Saved entries
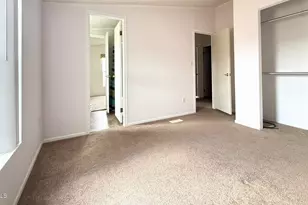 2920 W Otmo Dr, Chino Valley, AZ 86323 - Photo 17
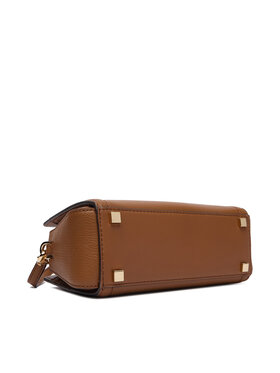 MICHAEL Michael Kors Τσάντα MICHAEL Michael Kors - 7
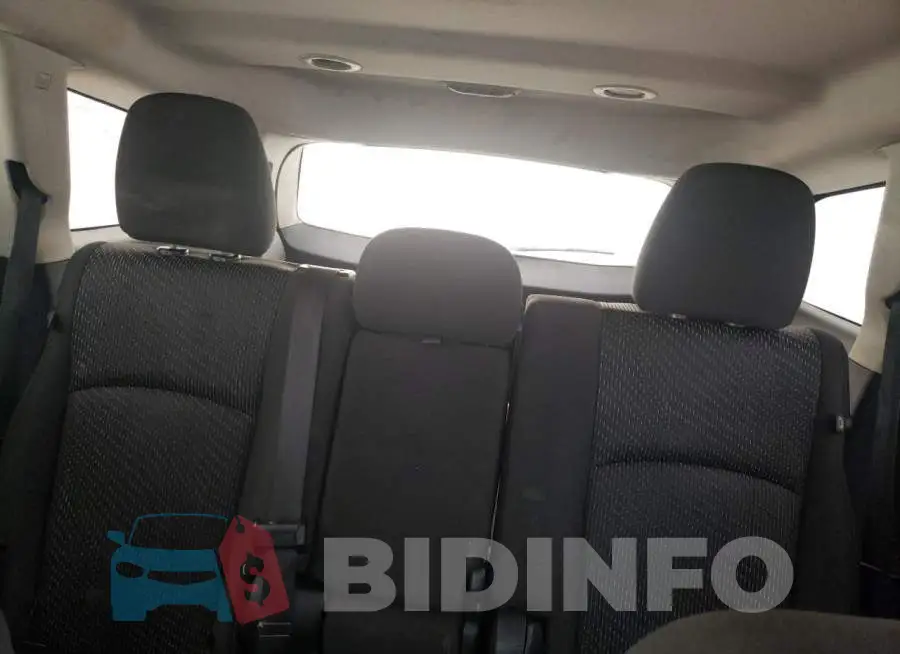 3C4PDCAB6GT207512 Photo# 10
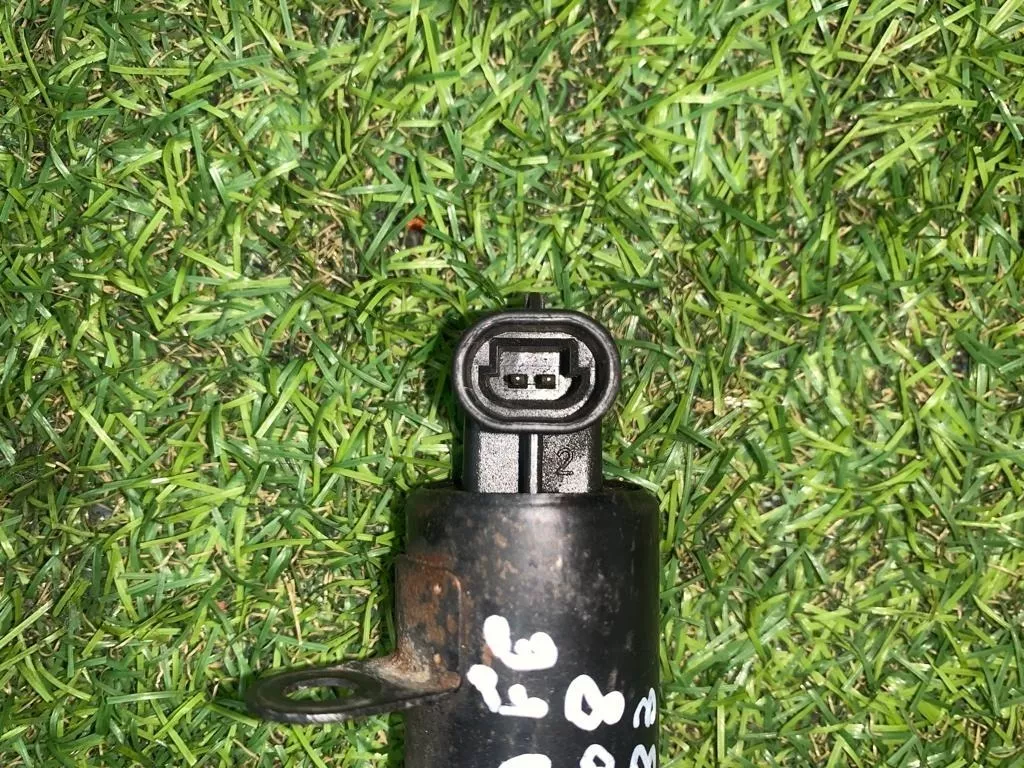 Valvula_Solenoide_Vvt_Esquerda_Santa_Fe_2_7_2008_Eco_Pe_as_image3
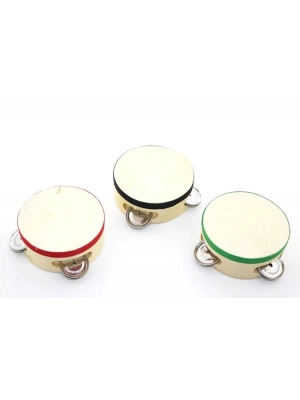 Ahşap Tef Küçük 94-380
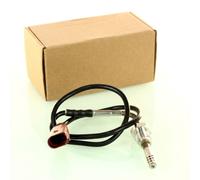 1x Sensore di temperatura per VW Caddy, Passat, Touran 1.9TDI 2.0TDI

## EXERCISE AIM
What is needed is an exact transcription of the lines from the one containing "3C4PDCAB6GT207512 Photo# 10" through the last line of the records above, both included, with no pictures.

## RESPONSE AREA
 3C4PDCAB6GT207512 Photo# 10
 Valvula_Solenoide_Vvt_Esquerda_Santa_Fe_2_7_2008_Eco_Pe_as_image3
 Ahşap Tef Küçük 94-380
 1x Sensore di temperatura per VW Caddy, Passat, Touran 1.9TDI 2.0TDI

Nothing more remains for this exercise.